Alle 21.30, nel palazzo di giustizia di Sassari ci sono lacrime, commozione, abbracci. Le parole che sintetizzano gli stati d’animo vissuti dal 2011 a oggi da avvocati e imputati (due di questi erano agli arresti domiciliari) sono quelle pronunciate dall’agente di polizia penitenziaria Mario Sanna: «Oggi mi è stata restituita la dignità che mi avevano strappato via ingiustamente tre anni fa».

Il processo. La formula ampia che “accompagna” la sentenza di assoluzione ha un significato preciso: per i giudici della corte d’assise Marco Erittu non è stato ucciso. Il racconto fornito dal pentito Giuseppe Bigella (l’ossatura del processo si basava soprattutto sulla sua confessione) non regge, mentre resta in piedi l’ipotesi iniziale: suicidio.

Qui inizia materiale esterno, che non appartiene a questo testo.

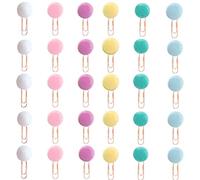 Taicols 30 Pièces Marque Page en Peluche Trombones De Couleur pour La Décoration Ou Le Marquage DIY, 6 Couleurs Trombones Signets Ensemble De Papeterie Fantaisie Pompons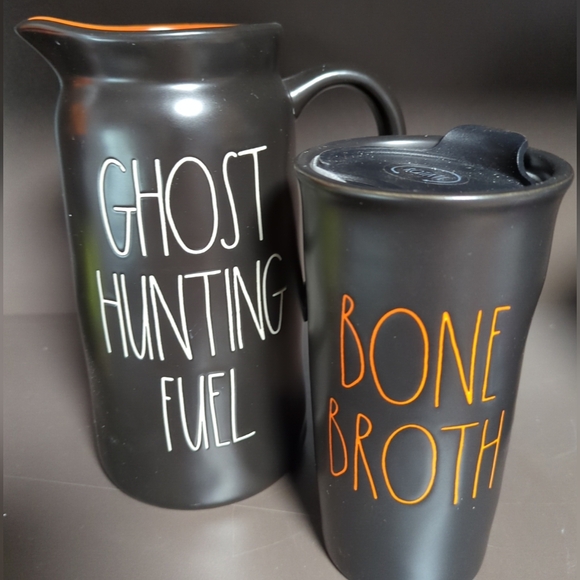 New Rae Dunn Halloween decor 2 piece cup and ceramic pitcher - Picture 1 of 15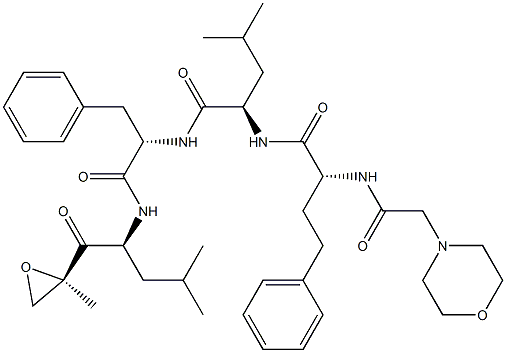 (S)-4-Methyl-N-((R)-1-(((S)-4-Methyl-1-((R)-2-Methyloxiran-2-yl)-1-oxopentan-2-yl)aMino)-1-oxo-3-phenylpropan-2-yl)-2-((R)-2-(2-MorpholinoacetaMido)-4-phenylbutanaMido)pentanaMide Struktur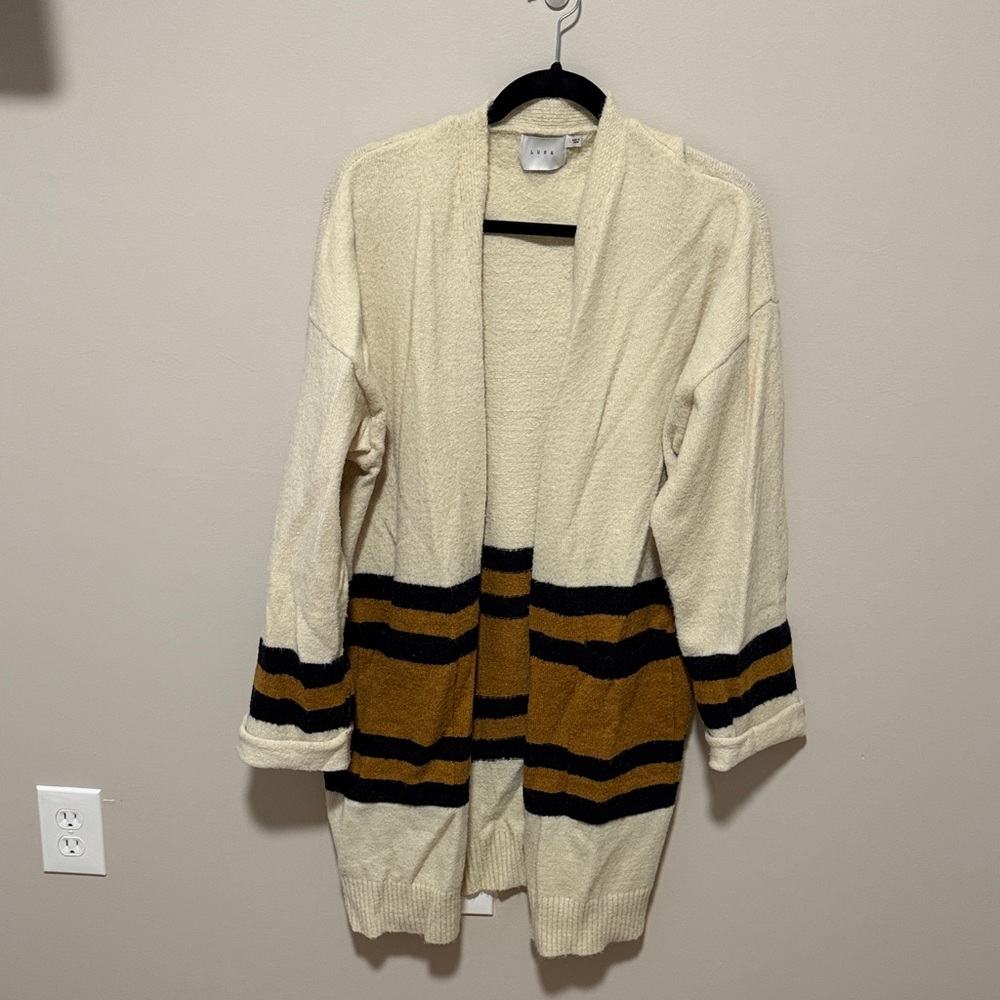 Lush Cream Open-Front Cardigan with Black and Brown Stripes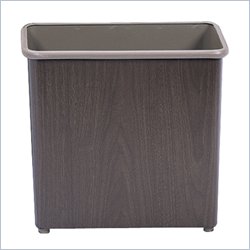 Safco Walnut Rectangular Wastebasket 27.5 Quart (Set of 3)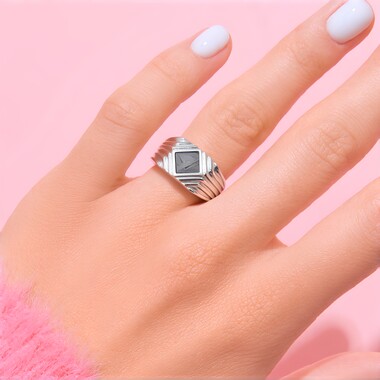 Bague en argent et Météorite d'Alétaï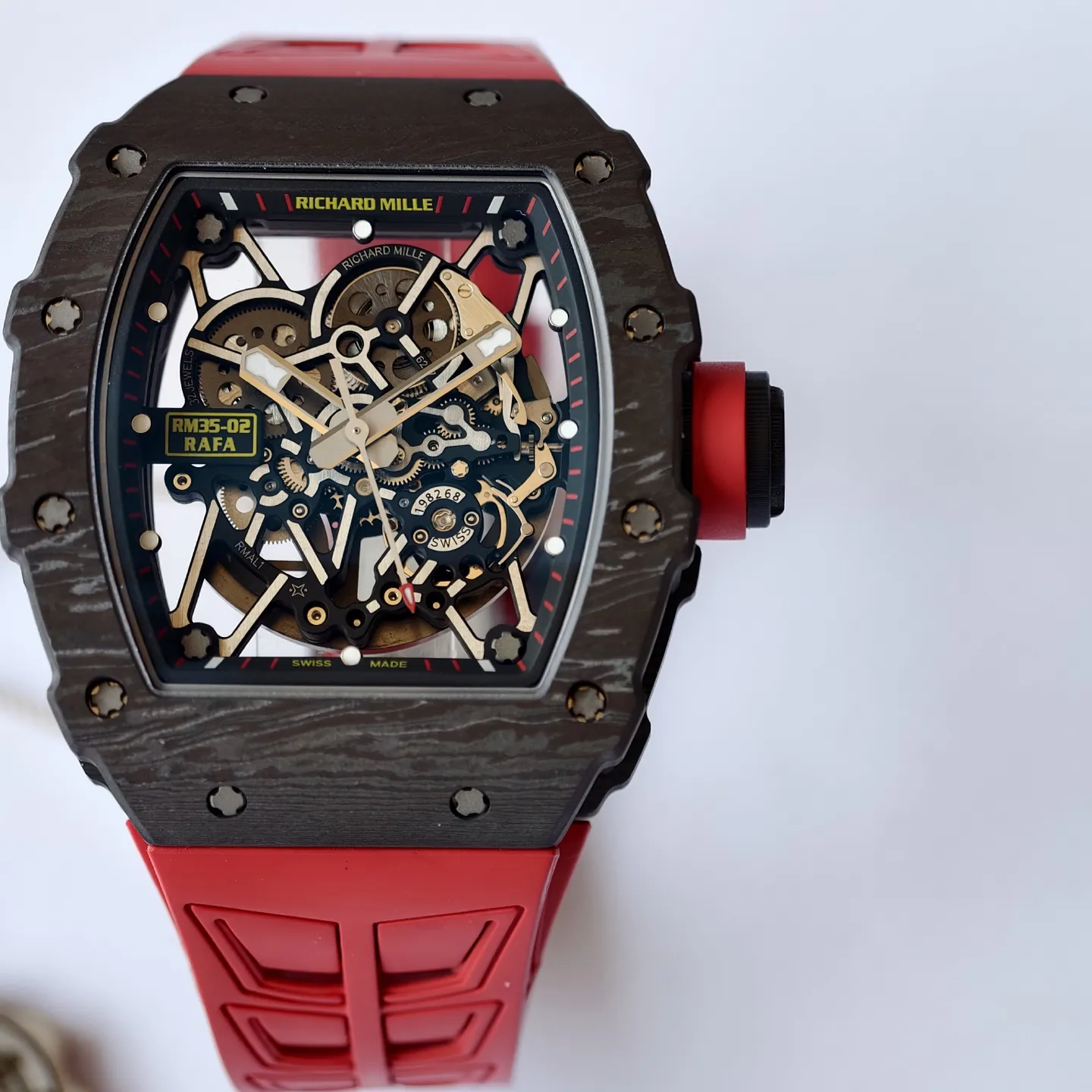 UMI Richard Mille RM 35-02 Rafael Nadal Carbon TPT Super Clone Watch - Red Strap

Così era stato archiviato nel 2007 il caso del detenuto trovato morto nella cella liscia del braccio promiscui di San Sebastiano. Marco Erittu, secondo le indagini dell’epoca, si era tolto la vita impiccandosi con una striscia di coperta che aveva legato alla spalliera del letto. In precedenza aveva già manifestato l’intenzione di farla finita, aveva messo in atto gesti di autolesionismo e per questo intorno alla sua morte c’era ben poco mistero. O almeno era così fino al 2010, quando Giuseppe Bigella, un detenuto che stava scontando in carcere una condanna a trent’anni per l’omicidio della gioielliera di Porto Torres Fernanda Zirulia, decide di parlare con gli inquirenti e raccontare la sua verità sulla fine di Erittu.

La svolta nell’inchiesta. Il pentito dice alla Procura che quel detenuto di San Sebastiano in realtà non si è suicidato. E fa anche di più: si autoaccusa del delitto. «Sono stato io ad ammazzarlo – dirà agli inquirenti – perché ho eseguito un ordine di Pino Vandi. L’ho soffocato con un sacchetto di plastica, mi ha aiutato Nicolino Pinna, che poi ha simulato il suicidio con la striscia di coperta. Ad aprirci la cella è stato l’agente Mario Sanna». Queste, in estrema sintesi, le dichiarazioni che riaprono clamorosamente il caso Erittu e che fanno scendere in campo la Dda di Cagliari.

I sequestri di persona. Giuseppe Bigella spiega infatti ai giudici che il detenuto doveva essere ucciso perché aveva deciso di rivelare al procuratore della Repubblica Giuseppe Porqueddu che Pino Vandi era coinvolto nella scomparsa del muratore di Ossi Giuseppe Sechi legata a sua volta al sequestro del farmacista di Orune Paoletto Ruiu (entrambi mai tornati a casa). Per questo Erittu doveva sparire.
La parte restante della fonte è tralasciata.